───── Record excerpts
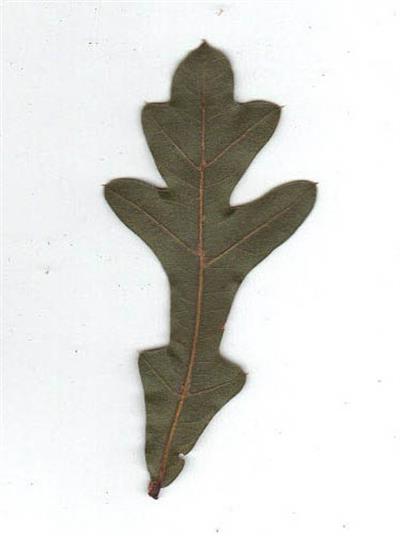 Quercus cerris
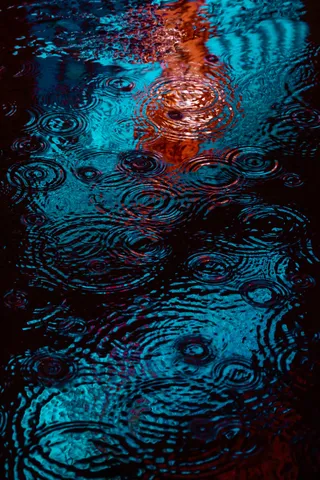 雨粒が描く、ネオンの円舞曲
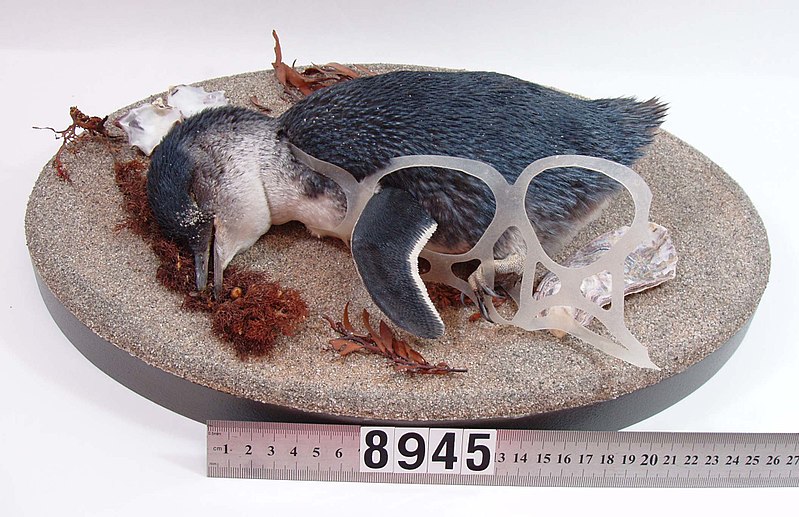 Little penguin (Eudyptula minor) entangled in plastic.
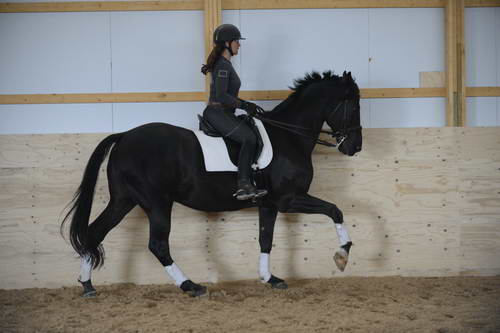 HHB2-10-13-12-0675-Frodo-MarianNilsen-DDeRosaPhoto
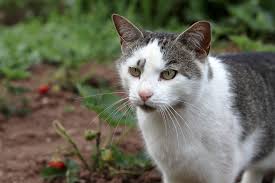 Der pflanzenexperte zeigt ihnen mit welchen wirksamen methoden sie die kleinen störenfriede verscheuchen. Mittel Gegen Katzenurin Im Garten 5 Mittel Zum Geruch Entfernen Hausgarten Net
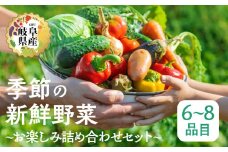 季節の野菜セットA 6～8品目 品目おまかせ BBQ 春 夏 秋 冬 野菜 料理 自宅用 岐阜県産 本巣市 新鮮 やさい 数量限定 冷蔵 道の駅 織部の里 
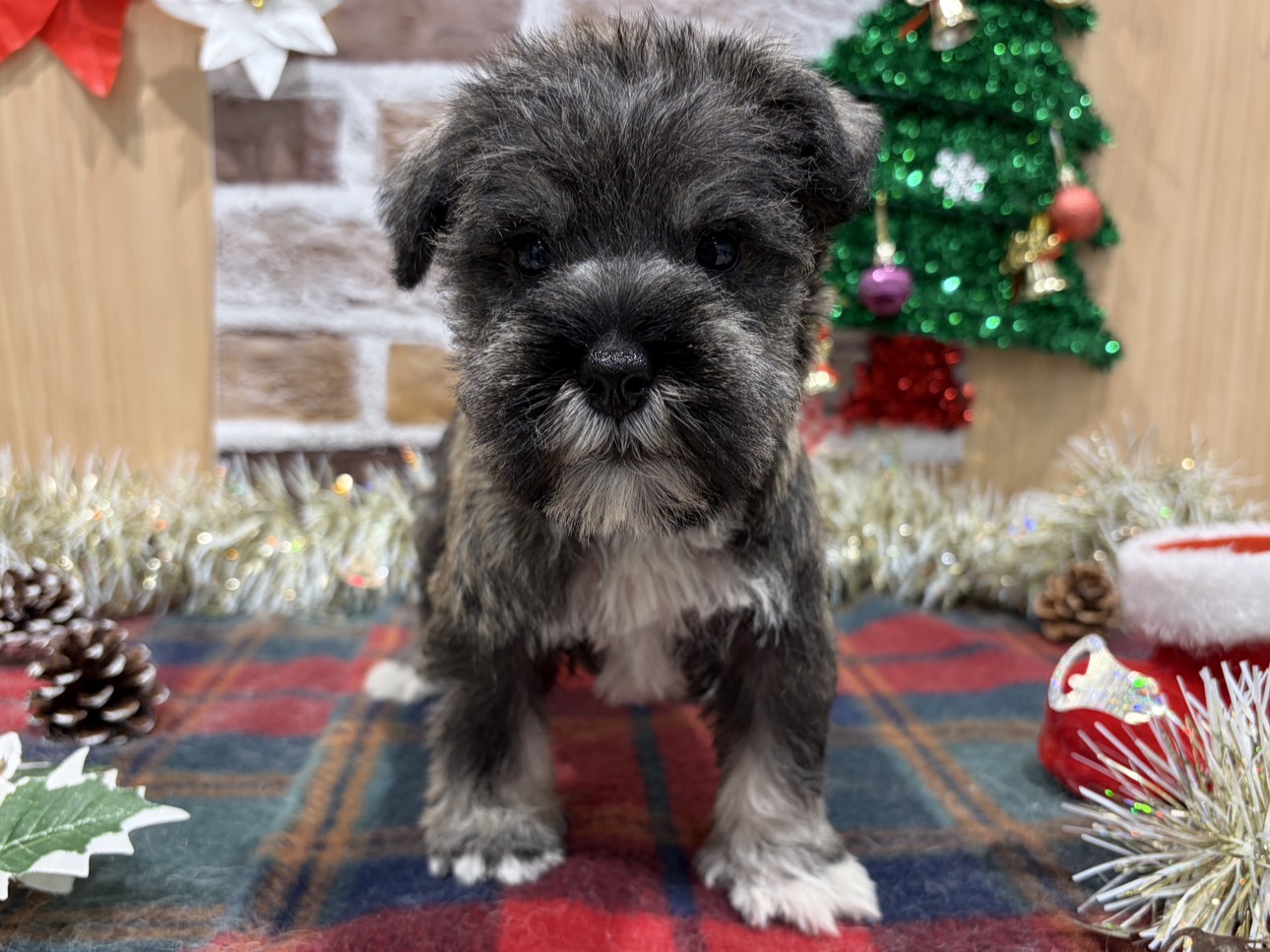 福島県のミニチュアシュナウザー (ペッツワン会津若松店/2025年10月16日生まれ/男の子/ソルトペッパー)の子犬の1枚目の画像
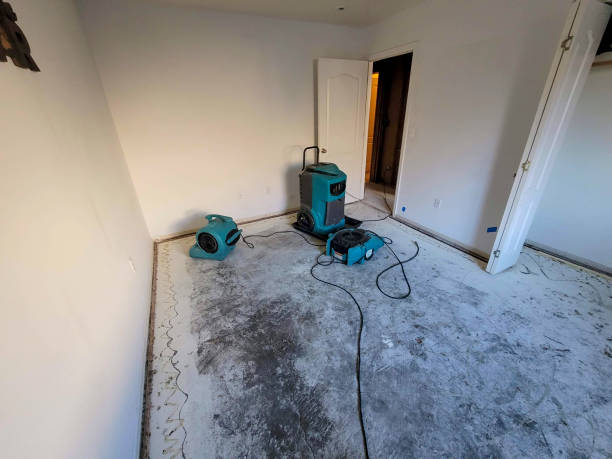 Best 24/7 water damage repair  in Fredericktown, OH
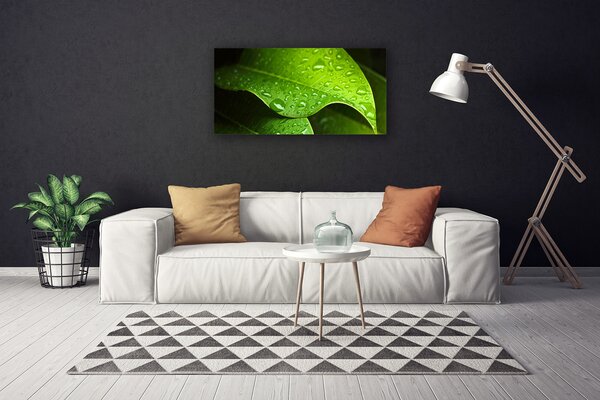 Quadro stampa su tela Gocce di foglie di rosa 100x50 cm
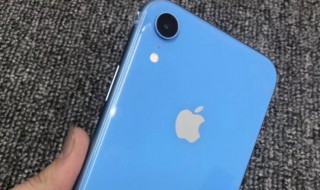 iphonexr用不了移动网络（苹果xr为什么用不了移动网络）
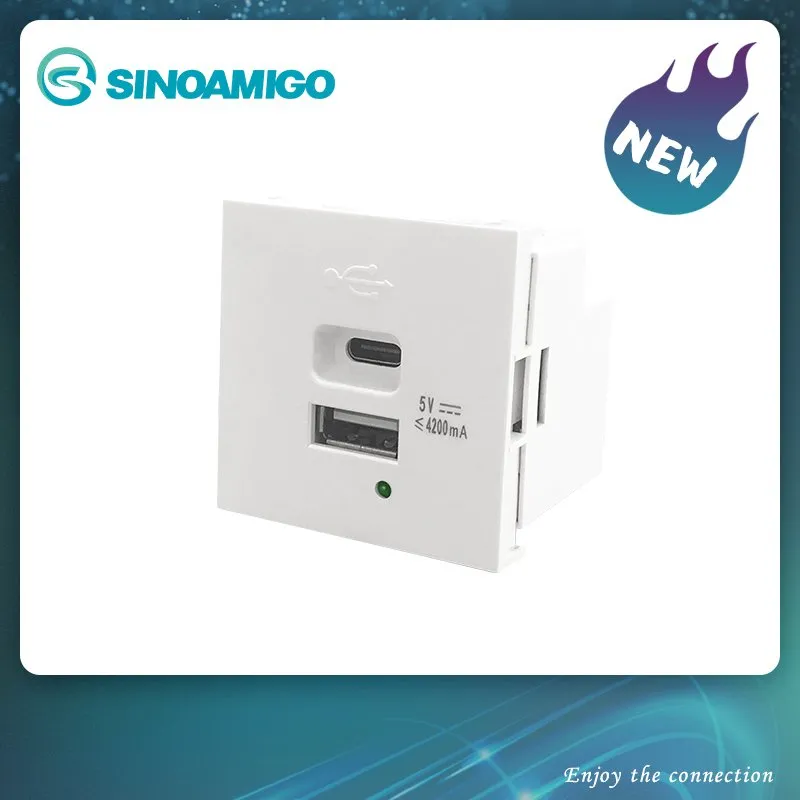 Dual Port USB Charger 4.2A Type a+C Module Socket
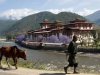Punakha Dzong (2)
──────────
» Your instructions: Produce a word-for-word copy of the records, omitting all images.

» Answer for the task:
 Quercus cerris
 雨粒が描く、ネオンの円舞曲
 Little penguin (Eudyptula minor) entangled in plastic.
 HHB2-10-13-12-0675-Frodo-MarianNilsen-DDeRosaPhoto
 Der pflanzenexperte zeigt ihnen mit welchen wirksamen methoden sie die kleinen störenfriede verscheuchen. Mittel Gegen Katzenurin Im Garten 5 Mittel Zum Geruch Entfernen Hausgarten Net
 季節の野菜セットA 6～8品目 品目おまかせ BBQ 春 夏 秋 冬 野菜 料理 自宅用 岐阜県産 本巣市 新鮮 やさい 数量限定 冷蔵 道の駅 織部の里 
 福島県のミニチュアシュナウザー (ペッツワン会津若松店/2025年10月16日生まれ/男の子/ソルトペッパー)の子犬の1枚目の画像
 Best 24/7 water damage repair  in Fredericktown, OH
 Quadro stampa su tela Gocce di foglie di rosa 100x50 cm
 iphonexr用不了移动网络（苹果xr为什么用不了移动网络）
 Dual Port USB Charger 4.2A Type a+C Module Socket
Punakha Dzong (2)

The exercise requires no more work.